Microsoft is one of several major IT players racing to build the AI (Artificial Intelligence) startup community. In December 2016, the company announced a major step forward in its quest to “democratize” AI with the establishment of a new Microsoft Ventures fund specifically dedicated to funding investment in AI companies.
Microsoft Ventures’ first investment was significant for Canada: Element AI is an artificial intelligence incubator and platform located in the heart one of Canada’s technology development hubs in Montreal. According to the investment announcement, Element AI funding was designed to support Element AI’s role in helping large corporations, world-class entrepreneurs and researchers solve hard problems with AI.
It also stated that Microsoft’s move into AI expands its original mandate to support cloud companies that help enterprises navigate digital transformation, and noted the expectation that the pace of investments will accelerate.
That acceleration quickly became apparent this January with Microsoft’s acquisition of Maluuba, a Montreal-based deep learning research lab whose focus is on natural language understanding. Maluuba will now be an integral part of Microsoft’s global network of AI research and development organizations. In addition, Microsoft has announced gifts for AI research: $6 million to the Université de Montréal and $1 million to McGill University to be funded over a five-year period.
“All this activity is a result of our being in a position where industry has the data and processing power, but too little talent,” said Nagraj Kashyap, corporate VP of Microsoft Ventures. “Through Element AI, we can get data access and solve key technology problems for businesses that they can’t solve on their own.”
Kashyap compared AI activity in Canada to Israel’s extensive AI research efforts in cybersecurity. “Now there’s a big R&D hub there. In Canada, the initial focus has been on the part of telecom companies. Early demand is coming from them, because they have lots of data they can apply deep learning to in order to automate many aspects of their operations, including call centres.”
The push to support the R&D and incubator community is not aimed at replacing human talent, but rather augmenting it, he stressed. “Take cybersecurity as an example. The industry is looking at net negative unemployment: anywhere from 200,000 to 400,000 positions in North America can’t be filled. AI can effectively augment humans rather than replace them and make operations more efficient. Then there are areas like genomics and medicine where clearly the amount of data is huge. There is simply no way humans can go through it on their own.”
Although AI research actually dates back to the 1980s, the current explosion of activity in this space is a result of the convergence of two aspects that are critical to deep learning: the availability of data and massive compute cycles, he explained. “The need for both is the reason why this has only taken hold in the last five years. First the availability of data in corporations combined with what we generate every day through phones, videos and photos demands a massive computing infrastructure.”
That grand scale has been realized through the emergence of the public cloud. “That is what has made it possible to harness an amazing amount of compute power,” Kashyap said. “The public cloud allows organizations to solve deep learning problems without having to have a compute capacity infrastructure.” In fact, Microsoft CEO Satya Nadella stated last fall in Dublin that Azure is on its way to becoming the first artificial intelligence supercomputer.
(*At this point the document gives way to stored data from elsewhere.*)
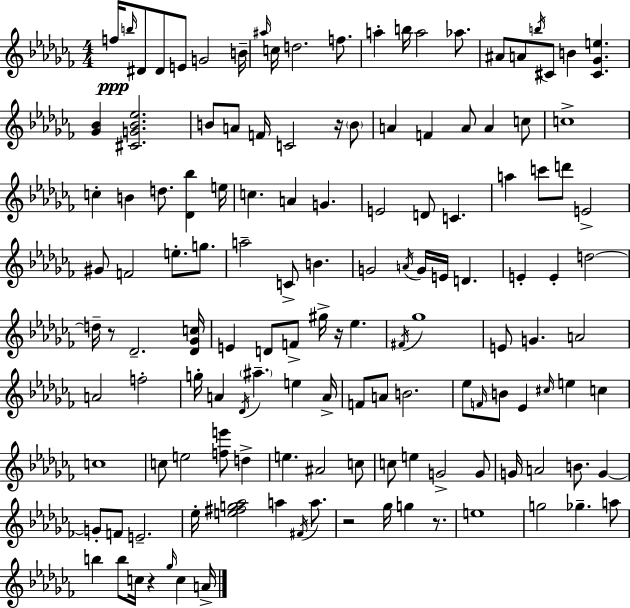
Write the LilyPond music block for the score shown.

{
  \clef treble
  \numericTimeSignature
  \time 4/4
  \key aes \minor
  f''16\ppp \grace { b''16 } dis'8 dis'8 e'8 g'2 | b'16-- \grace { ais''16 } c''16 d''2. f''8. | a''4-. b''16 a''2 aes''8. | ais'8 a'8 \acciaccatura { b''16 } cis'8 b'4 <cis' ges' e''>4. | \break <ges' bes'>4 <cis' g' bes' ees''>2. | b'8 a'8 f'16 c'2 | r16 \parenthesize b'8 a'4 f'4 a'8 a'4 | c''8 c''1-> | \break c''4-. b'4 d''8. <des' bes''>4 | e''16 c''4. a'4 g'4. | e'2 d'8 c'4. | a''4 c'''8 d'''8 e'2-> | \break gis'8 f'2 e''8.-. | g''8. a''2-- c'8-> b'4. | g'2 \acciaccatura { a'16 } g'16 e'16 d'4. | e'4-. e'4-. d''2~~ | \break d''16-- r8 des'2.-- | <des' ges' c''>16 e'4 d'8 f'8-> gis''16-> r16 ees''4. | \acciaccatura { fis'16 } ges''1 | e'8 g'4. a'2 | \break a'2 f''2-. | g''16-. a'4 \acciaccatura { des'16 } \parenthesize ais''4.-- | e''4 a'16-> f'8 a'8 b'2. | ees''8 \grace { f'16 } b'8 ees'4 \grace { cis''16 } | \break e''4 c''4 c''1 | c''8 e''2 | <f'' e'''>8 d''4-> e''4. ais'2 | c''8 c''8 e''4 g'2-> | \break g'8 g'16 a'2 | b'8. g'4~~ g'8-. f'8 e'2.-- | ees''16-. <e'' fis'' g'' aes''>2 | a''4 \acciaccatura { fis'16 } a''8. r2 | \break ges''16 g''4 r8. e''1 | g''2 | ges''4.-- a''8 b''4 b''8 c''16 | r4 \grace { ges''16 } c''4 a'16-> \bar "|."
}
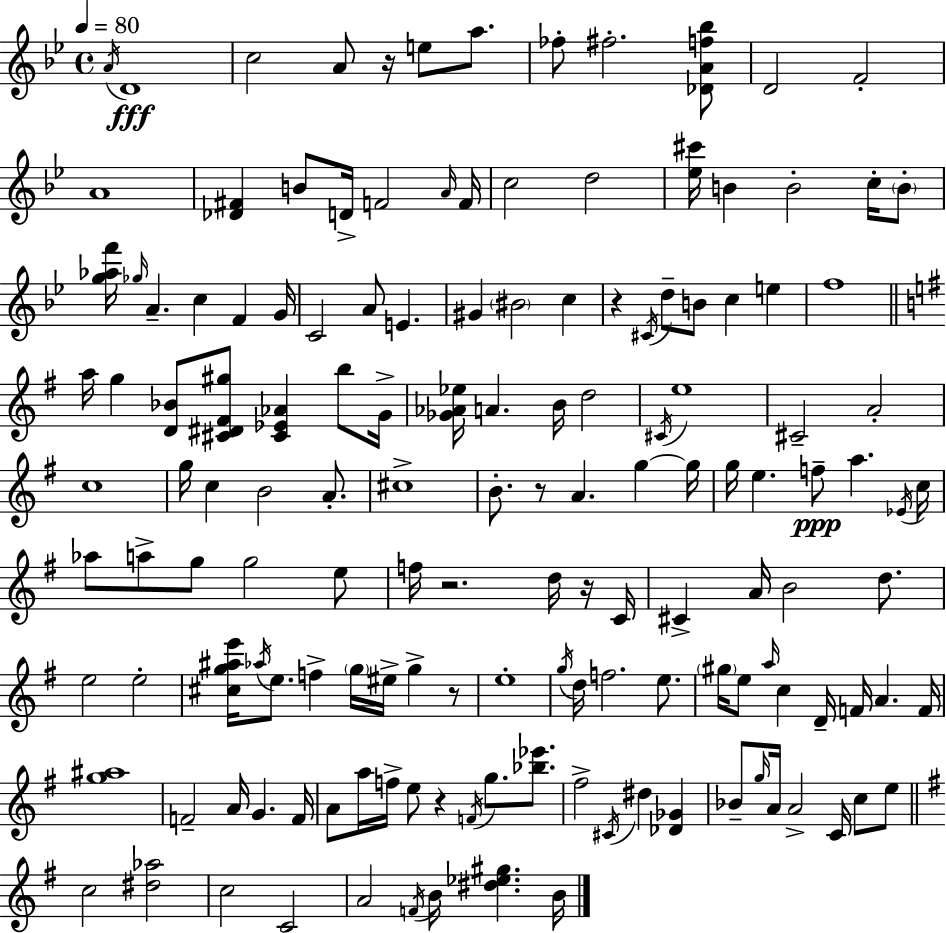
A4/s D4/w C5/h A4/e R/s E5/e A5/e. FES5/e F#5/h. [Db4,A4,F5,Bb5]/e D4/h F4/h A4/w [Db4,F#4]/q B4/e D4/s F4/h A4/s F4/s C5/h D5/h [Eb5,C#6]/s B4/q B4/h C5/s B4/e [G5,Ab5,F6]/s Gb5/s A4/q. C5/q F4/q G4/s C4/h A4/e E4/q. G#4/q BIS4/h C5/q R/q C#4/s D5/e B4/e C5/q E5/q F5/w A5/s G5/q [D4,Bb4]/e [C#4,D#4,F#4,G#5]/e [C#4,Eb4,Ab4]/q B5/e G4/s [Gb4,Ab4,Eb5]/s A4/q. B4/s D5/h C#4/s E5/w C#4/h A4/h C5/w G5/s C5/q B4/h A4/e. C#5/w B4/e. R/e A4/q. G5/q G5/s G5/s E5/q. F5/e A5/q. Eb4/s C5/s Ab5/e A5/e G5/e G5/h E5/e F5/s R/h. D5/s R/s C4/s C#4/q A4/s B4/h D5/e. E5/h E5/h [C#5,G5,A#5,E6]/s Ab5/s E5/e. F5/q G5/s EIS5/s G5/q R/e E5/w G5/s D5/s F5/h. E5/e. G#5/s E5/e A5/s C5/q D4/s F4/s A4/q. F4/s [G5,A#5]/w F4/h A4/s G4/q. F4/s A4/e A5/s F5/s E5/e R/q F4/s G5/e. [Bb5,Eb6]/e. F#5/h C#4/s D#5/q [Db4,Gb4]/q Bb4/e G5/s A4/s A4/h C4/s C5/e E5/e C5/h [D#5,Ab5]/h C5/h C4/h A4/h F4/s B4/s [D#5,Eb5,G#5]/q. B4/s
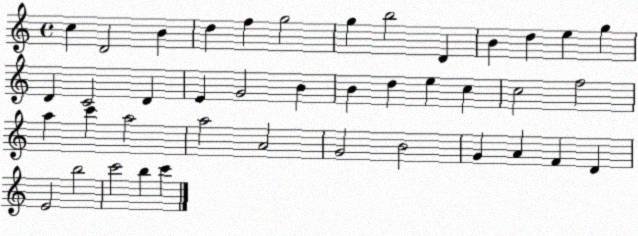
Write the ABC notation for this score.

X:1
T:Untitled
M:4/4
L:1/4
K:C
c D2 B d f g2 g b2 D B d e g D C2 D E G2 B B d e c c2 f2 a c' a2 a2 A2 G2 B2 G A F D E2 b2 c'2 b c'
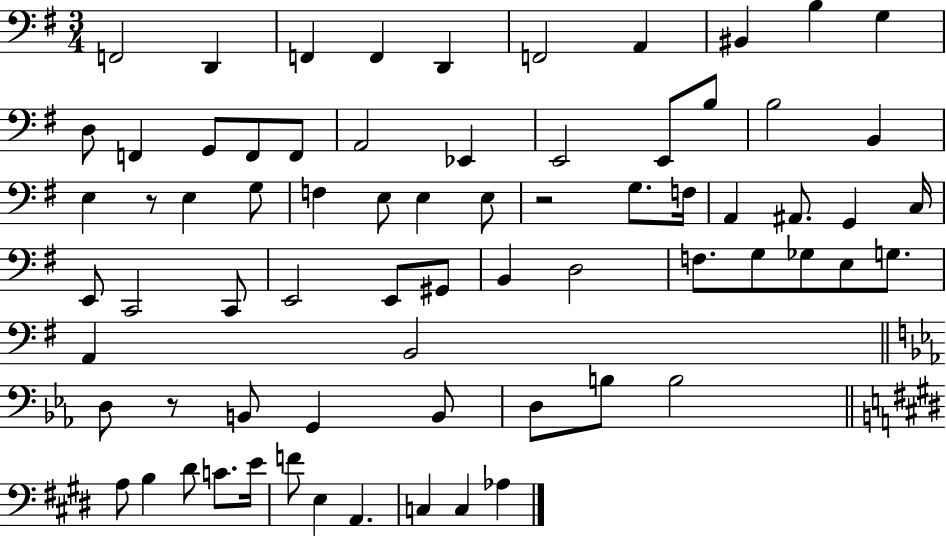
F2/h D2/q F2/q F2/q D2/q F2/h A2/q BIS2/q B3/q G3/q D3/e F2/q G2/e F2/e F2/e A2/h Eb2/q E2/h E2/e B3/e B3/h B2/q E3/q R/e E3/q G3/e F3/q E3/e E3/q E3/e R/h G3/e. F3/s A2/q A#2/e. G2/q C3/s E2/e C2/h C2/e E2/h E2/e G#2/e B2/q D3/h F3/e. G3/e Gb3/e E3/e G3/e. A2/q B2/h D3/e R/e B2/e G2/q B2/e D3/e B3/e B3/h A3/e B3/q D#4/e C4/e. E4/s F4/e E3/q A2/q. C3/q C3/q Ab3/q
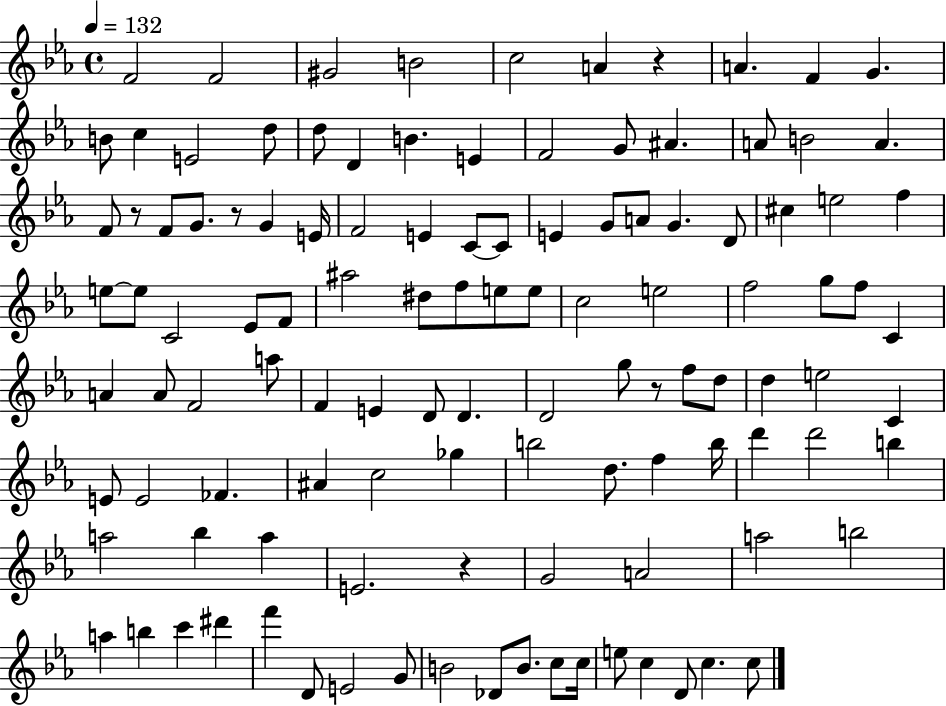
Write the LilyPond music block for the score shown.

{
  \clef treble
  \time 4/4
  \defaultTimeSignature
  \key ees \major
  \tempo 4 = 132
  f'2 f'2 | gis'2 b'2 | c''2 a'4 r4 | a'4. f'4 g'4. | \break b'8 c''4 e'2 d''8 | d''8 d'4 b'4. e'4 | f'2 g'8 ais'4. | a'8 b'2 a'4. | \break f'8 r8 f'8 g'8. r8 g'4 e'16 | f'2 e'4 c'8~~ c'8 | e'4 g'8 a'8 g'4. d'8 | cis''4 e''2 f''4 | \break e''8~~ e''8 c'2 ees'8 f'8 | ais''2 dis''8 f''8 e''8 e''8 | c''2 e''2 | f''2 g''8 f''8 c'4 | \break a'4 a'8 f'2 a''8 | f'4 e'4 d'8 d'4. | d'2 g''8 r8 f''8 d''8 | d''4 e''2 c'4 | \break e'8 e'2 fes'4. | ais'4 c''2 ges''4 | b''2 d''8. f''4 b''16 | d'''4 d'''2 b''4 | \break a''2 bes''4 a''4 | e'2. r4 | g'2 a'2 | a''2 b''2 | \break a''4 b''4 c'''4 dis'''4 | f'''4 d'8 e'2 g'8 | b'2 des'8 b'8. c''8 c''16 | e''8 c''4 d'8 c''4. c''8 | \break \bar "|."
}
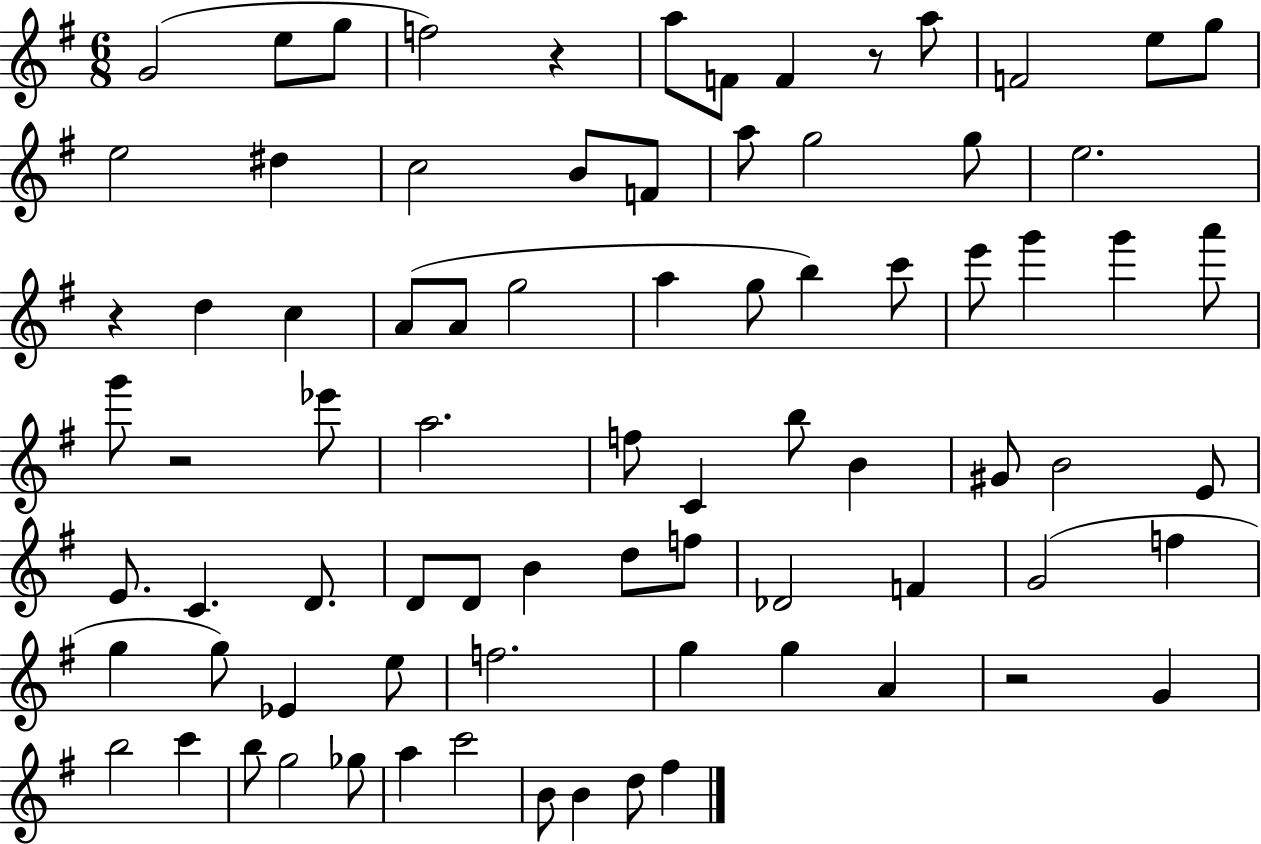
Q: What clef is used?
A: treble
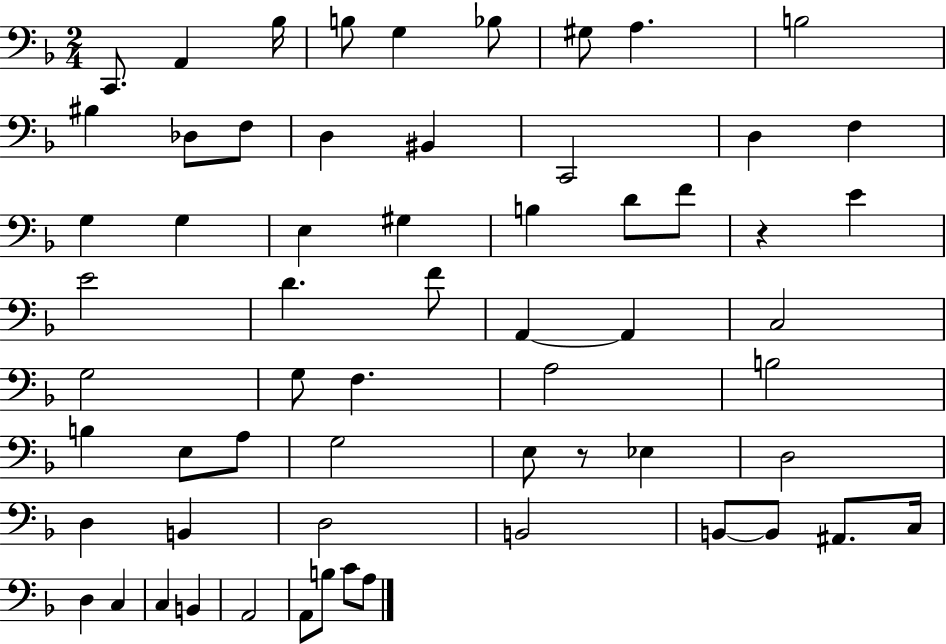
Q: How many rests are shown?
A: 2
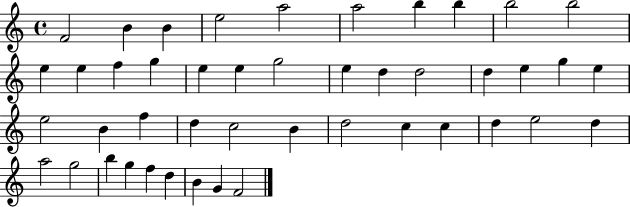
{
  \clef treble
  \time 4/4
  \defaultTimeSignature
  \key c \major
  f'2 b'4 b'4 | e''2 a''2 | a''2 b''4 b''4 | b''2 b''2 | \break e''4 e''4 f''4 g''4 | e''4 e''4 g''2 | e''4 d''4 d''2 | d''4 e''4 g''4 e''4 | \break e''2 b'4 f''4 | d''4 c''2 b'4 | d''2 c''4 c''4 | d''4 e''2 d''4 | \break a''2 g''2 | b''4 g''4 f''4 d''4 | b'4 g'4 f'2 | \bar "|."
}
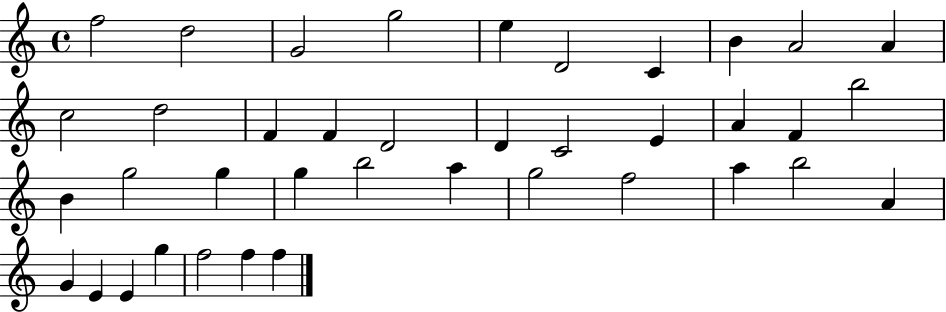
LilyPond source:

{
  \clef treble
  \time 4/4
  \defaultTimeSignature
  \key c \major
  f''2 d''2 | g'2 g''2 | e''4 d'2 c'4 | b'4 a'2 a'4 | \break c''2 d''2 | f'4 f'4 d'2 | d'4 c'2 e'4 | a'4 f'4 b''2 | \break b'4 g''2 g''4 | g''4 b''2 a''4 | g''2 f''2 | a''4 b''2 a'4 | \break g'4 e'4 e'4 g''4 | f''2 f''4 f''4 | \bar "|."
}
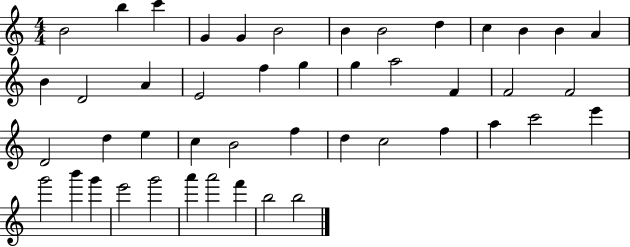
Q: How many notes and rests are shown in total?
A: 46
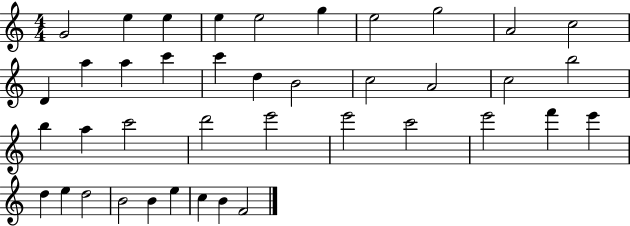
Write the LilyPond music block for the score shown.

{
  \clef treble
  \numericTimeSignature
  \time 4/4
  \key c \major
  g'2 e''4 e''4 | e''4 e''2 g''4 | e''2 g''2 | a'2 c''2 | \break d'4 a''4 a''4 c'''4 | c'''4 d''4 b'2 | c''2 a'2 | c''2 b''2 | \break b''4 a''4 c'''2 | d'''2 e'''2 | e'''2 c'''2 | e'''2 f'''4 e'''4 | \break d''4 e''4 d''2 | b'2 b'4 e''4 | c''4 b'4 f'2 | \bar "|."
}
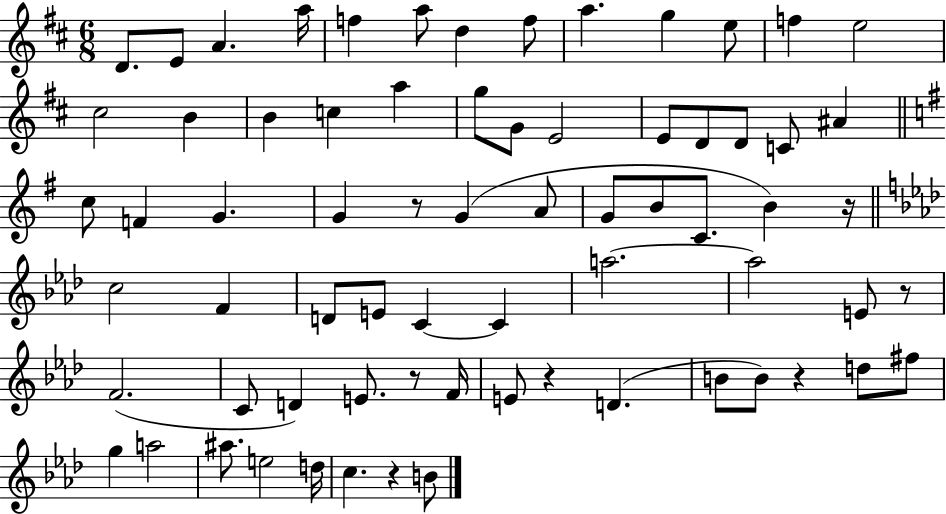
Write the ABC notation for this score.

X:1
T:Untitled
M:6/8
L:1/4
K:D
D/2 E/2 A a/4 f a/2 d f/2 a g e/2 f e2 ^c2 B B c a g/2 G/2 E2 E/2 D/2 D/2 C/2 ^A c/2 F G G z/2 G A/2 G/2 B/2 C/2 B z/4 c2 F D/2 E/2 C C a2 a2 E/2 z/2 F2 C/2 D E/2 z/2 F/4 E/2 z D B/2 B/2 z d/2 ^f/2 g a2 ^a/2 e2 d/4 c z B/2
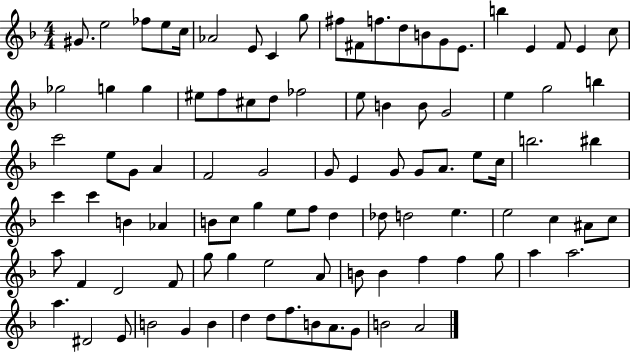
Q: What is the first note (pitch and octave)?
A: G#4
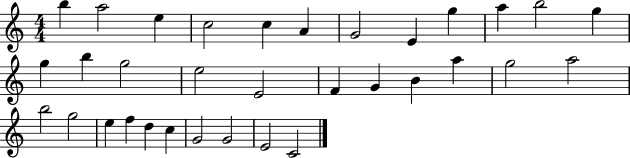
{
  \clef treble
  \numericTimeSignature
  \time 4/4
  \key c \major
  b''4 a''2 e''4 | c''2 c''4 a'4 | g'2 e'4 g''4 | a''4 b''2 g''4 | \break g''4 b''4 g''2 | e''2 e'2 | f'4 g'4 b'4 a''4 | g''2 a''2 | \break b''2 g''2 | e''4 f''4 d''4 c''4 | g'2 g'2 | e'2 c'2 | \break \bar "|."
}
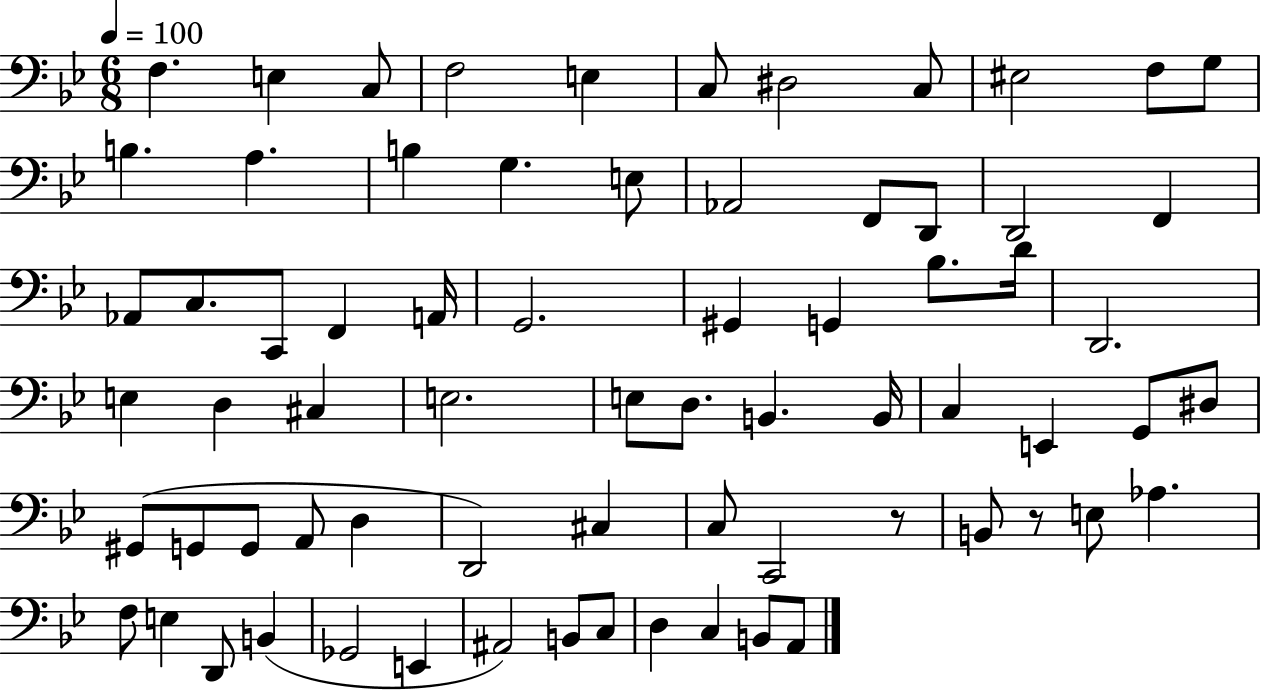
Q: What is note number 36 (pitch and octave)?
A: E3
Azure’s capacity exceeds one exaflop and can process one billion billion operations a second. That is equivalent to the ability to translate the entire English Wikipedia opus – five million articles and three billion words – into another language in less than one-tenth of a second. “That’s the kind of computing power we can throw at a problem today,” Kashyap said. “We just have to unlock the data and solve the talent issue.”
While unable to share details, Kashyap said that Microsoft research has a variety of platforms under development that they will expose so other researchers can use them. “We have always focused on democratizing AI. The way it is today it is simply not sustainable. If platforms can be used by more people beyond the PhDs, and encourage collaborative research with other companies, we can collectively advance AI so more developers can use it. We all want to make sure that the benefits of AI are not limited to a few people.”
Mobile app development is a case in point. Platforms were fragmented, and early development efforts took time, effort and a great deal of customization, he explained. “Now anyone can build a mobile app and put it in an app store. Of course we are clearly not anywhere close to that on the AI front; but we will consider it a win if any developer can work with it without having to have a PhD. That will be very powerful.”
The first order of the day is to build the next set of developers and IT that can tap into the power of AI. “Only deep learning researchers and developers can do that today. We need to hide the complexity that goes into building deep learning models and continue to build access for ordinary developers. If they can start tapping into the power of AI it will be a big win for industry. It’s clearly a matter of when, not if.”